Funny distribution this one, but nmot as funny as the word "eventuate" that was in the previous version of the article. --Lucas Gallindo 03:16, 5 October 2006 (UTC)

From the Oxford English Dictionary:
Michael Hardy 16:11, 5 October 2006 (UTC)

## Alternate definition?

Is this distribution also the limiting (as n goes to infinity) distribution of

$\frac{1}{2} + \sum_{i=1}^{n}\frac{R_{i}}{3^{i}}, \,\!$

where the Ri are iid Rademacher distributions? Seems to me that it is, but my proof skills are quite rusty... Baccyak4H (Yak!) 20:15, 12 December 2006 (UTC)

• Since any number in the Cantor set can be (uniquely) expressed, in base 3, as 0.abcd... where a,b,c,d,... are either 0 or 2, then a simple way to simulate this Cantor distribution would be to add iid Bernoullis, scaled to 2/3:
$\sum_{i=1}^{n}\frac{2}{3^i} B_i(\frac{1}{2})\,$

Since Rademacher and Bernoulli are essentially the same distribution, just scaled ($R_i = 2 B_i(\frac{1}{2}) - 1\,$), then a simple substitution could prove your expression. Albmont (talk) 20:21, 17 July 2008 (UTC)

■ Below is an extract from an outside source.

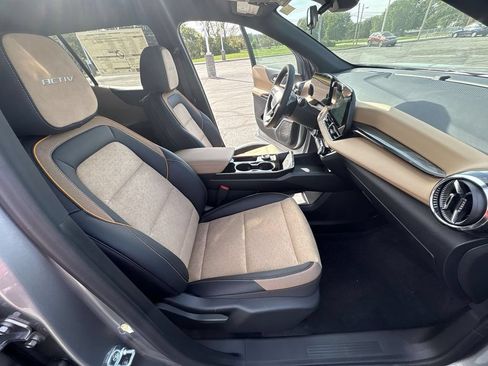 New 2026 Chevrolet Equinox ACTIV AWD/4WD image 24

• BTW, I think the characteristic function of the Cantor distribution is wrong. It seems like a series that diverges everywhere. Albmont (talk) 20:21, 17 July 2008 (UTC)
Thanks, I convinced myself in the interim time since asking, but it's good to know I haven't completely lost it.
About the series diverging, I don't see that... all the terms of the product are in [-1, 1], but the terms' limit is +/- 1, depending on the sign of t, so the product part cannot diverge, I would think (I cannot rule out it might be 0 in the limit, but that's OK). Could you elaborate? Baccyak4H (Yak!) 20:35, 17 July 2008 (UTC)
About the series diverging, I don't see that - neither do I now, but first I swear I saw a Σ instead of the Π! BTW, I tried to use the Bernoulli series to check the formula, but I only came as far as $\Pi (1/2 + 1/2 \ \exp(2it/3^n))\,$. Albmont (talk) 20:49, 17 July 2008 (UTC)
Ouch! The derivation using Rademacher is obvious! Albmont (talk) 20:50, 17 July 2008 (UTC)